**TASK BRIEF:** Make an exact copy, from the records below, of the lines from the line containing "کار چیدن سیب در سورتینگ" to the line containing "Quality 3% UV", both lines included, excluding pictures.

**EXCERPTED DATA:**
————
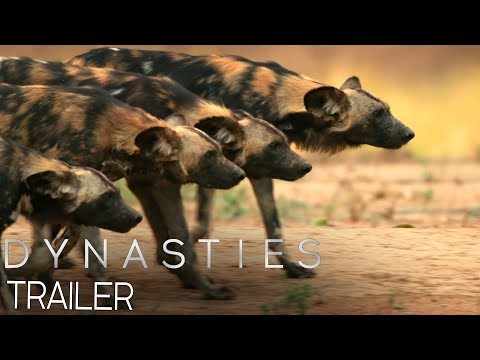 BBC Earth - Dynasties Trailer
————
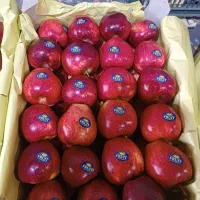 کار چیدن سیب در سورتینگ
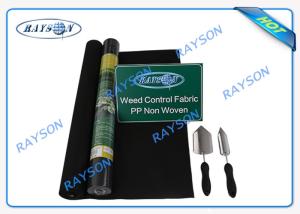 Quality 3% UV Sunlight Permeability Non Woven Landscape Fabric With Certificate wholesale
————
**FINISHED TASK:**
 کار چیدن سیب در سورتینگ
 Quality 3% UV Sunlight Permeability Non Woven Landscape Fabric With Certificate wholesale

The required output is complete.